Isn't it supposed to be 110000?
And after upgrade you should upgrade the op-version
to 110000?
Many thanks for all your help!
Regards
Marcus
On Tue, Feb 21, 2023 at 09:29:28AM +0100, Xavi Hernandez
wrote:> CAUTION: This email originated from outside of the organization. Do not
click links or open attachments unless you recognize the sender and know the
content is safe.
>
>
> Hi Marcus,
>
> On Mon, Feb 20, 2023 at 2:53 PM Marcus Peders?n <marcus.pedersen at
slu.se<mailto:marcus.pedersen at slu.se>> wrote:
> Hi again Xavi,
>
> I did some more testing on my virt machines
> with same setup:
> Number of Bricks: 1 x (2 + 1) = 3
> If I do it the same way, I upgrade the arbiter first,
> I get the same behavior that the bricks do not start
> and the other nodes does not "see" the upgraded node.
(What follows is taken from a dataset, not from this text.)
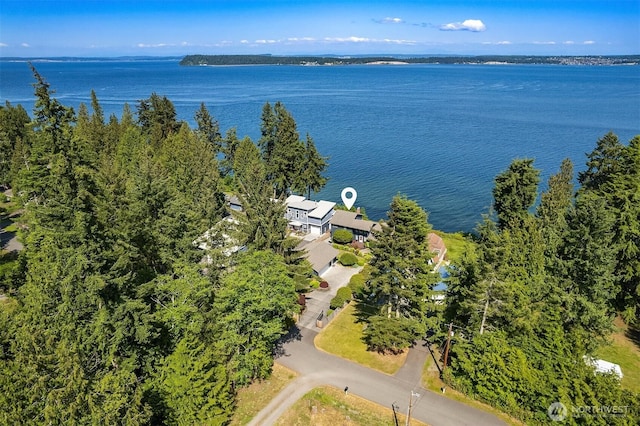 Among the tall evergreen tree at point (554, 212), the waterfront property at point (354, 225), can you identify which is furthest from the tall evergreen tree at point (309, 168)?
the tall evergreen tree at point (554, 212)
> If I upgrade one of the other nodes (non arbiter) and restart
> glusterd on both the arbiter and the other the arbiter starts
> the bricks and connects with the other upgraded node as expected.
> If I upgrade the last node (non arbiter) it will fail to start
> the bricks, same behaviour as the arbiter at first.
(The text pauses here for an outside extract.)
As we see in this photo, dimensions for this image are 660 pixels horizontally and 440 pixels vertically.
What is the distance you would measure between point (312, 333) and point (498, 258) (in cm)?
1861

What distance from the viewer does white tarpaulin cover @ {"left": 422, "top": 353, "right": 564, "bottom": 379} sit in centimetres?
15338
> If I then copy the /var/lib/gluster/vols/<myvol> from the
> upgraded (non arbiter) node to the other node that does not start the
bricks
> and replace /var/lib/gluster/vols/<myvol> with the copied directory
> and restarts glusterd it works nicely after that.
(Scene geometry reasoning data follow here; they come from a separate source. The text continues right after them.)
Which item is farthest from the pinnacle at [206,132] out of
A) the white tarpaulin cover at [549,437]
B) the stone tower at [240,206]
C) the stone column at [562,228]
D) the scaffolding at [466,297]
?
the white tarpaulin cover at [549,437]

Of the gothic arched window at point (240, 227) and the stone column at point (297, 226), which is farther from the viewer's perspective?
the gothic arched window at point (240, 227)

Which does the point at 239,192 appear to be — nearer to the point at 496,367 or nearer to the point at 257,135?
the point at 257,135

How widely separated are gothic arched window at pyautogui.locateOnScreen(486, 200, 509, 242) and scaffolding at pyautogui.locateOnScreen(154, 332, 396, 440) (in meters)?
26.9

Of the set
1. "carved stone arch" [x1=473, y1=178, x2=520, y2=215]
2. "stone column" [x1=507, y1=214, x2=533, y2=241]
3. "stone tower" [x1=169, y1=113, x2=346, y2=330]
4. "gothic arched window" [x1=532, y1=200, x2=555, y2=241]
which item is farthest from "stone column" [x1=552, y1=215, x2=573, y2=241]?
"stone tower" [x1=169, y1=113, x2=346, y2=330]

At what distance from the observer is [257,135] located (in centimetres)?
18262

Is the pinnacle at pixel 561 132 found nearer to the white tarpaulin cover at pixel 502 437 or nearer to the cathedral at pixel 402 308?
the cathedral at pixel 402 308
> Everything then works the way it should.
>
> So the question is if the arbiter is treated in some other way
> compared to the other nodes?
>
> It seems so, but at this point I'm not sure what could be the
difference.
>
>
> Some type of config is happening at the start of the glusterd that
> makes the node fail?
>
> Gluster requires that all glusterd share the same configuration. In this
case it seems that the "info" file in the volume definition has
different contents on the servers. One of the servers has the value
"nfs.disable=on" but the others do not. This can be the difference
that causes the checksum error.
>
> You can try to copy the "info" file from one node to the one that
doesn't start and try restarting glusterd.
>
>
> Do I dare to continue to upgrade my real cluster with the above described
way?
>
> Thanks!
>
> Regards
> Marcus
>
>
>
> On Mon, Feb 20, 2023 at 01:42:47PM +0100, Marcus Peders?n wrote:
> > I made a recusive diff on the upgraded arbiter.
> >
> > /var/lib/glusterd/vols/gds-common is the upgraded aribiter
> > /home/marcus/gds-common is one of the other nodes still on gluster 10
> >
> > diff -r
/var/lib/glusterd/vols/gds-common/bricks/urd-gds-030:-urd-gds-gds-common
/home/marcus/gds-common/bricks/urd-gds-030:-urd-gds-gds-common
> > 5c5
> > < listen-port=60419
> > ---
> > > listen-port=0
> > 11c11
> > < brick-fsid=14764358630653534655
> > ---
> > > brick-fsid=0
> > diff -r
/var/lib/glusterd/vols/gds-common/bricks/urd-gds-031:-urd-gds-gds-common
/home/marcus/gds-common/bricks/urd-gds-031:-urd-gds-gds-common
> > 5c5
> > < listen-port=0
> > ---
> > > listen-port=60891
> > 11c11
> > < brick-fsid=0
> > ---
> > > brick-fsid=1088380223149770683
> > diff -r /var/lib/glusterd/vols/gds-common/cksum
/home/marcus/gds-common/cksum
> > 1c1
> > < info=3948700922
> > ---
> > > info=458813151
> > diff -r
/var/lib/glusterd/vols/gds-common/gds-common.urd-gds-030.urd-gds-gds-common.vol
/home/marcus/gds-common/gds-common.urd-gds-030.urd-gds-gds-common.vol
> > 3c3
> > < option shared-brick-count 1
> > ---
> > > option shared-brick-count 0
> > diff -r
/var/lib/glusterd/vols/gds-common/gds-common.urd-gds-031.urd-gds-gds-common.vol
/home/marcus/gds-common/gds-common.urd-gds-031.urd-gds-gds-common.vol
> > 3c3
> > < option shared-brick-count 0
> > ---
> > > option shared-brick-count 1
> > diff -r /var/lib/glusterd/vols/gds-common/info
/home/marcus/gds-common/info
> > 23a24
> > > nfs.disable=on
> >
> >
> > I setup 3 virt machines and configured them with gluster 10 (arbiter
1).
> > After that I upgraded to 11 and the first 2 nodes was fine but on the
third
> > node I got the same behaviour: the brick never started.
> >
> > Thanks for the help!
> >
> > Regards
> > Marcus
> >
> >
> > On Mon, Feb 20, 2023 at 12:30:37PM +0100, Xavi Hernandez wrote:
> > > CAUTION: This email originated from outside of the organization.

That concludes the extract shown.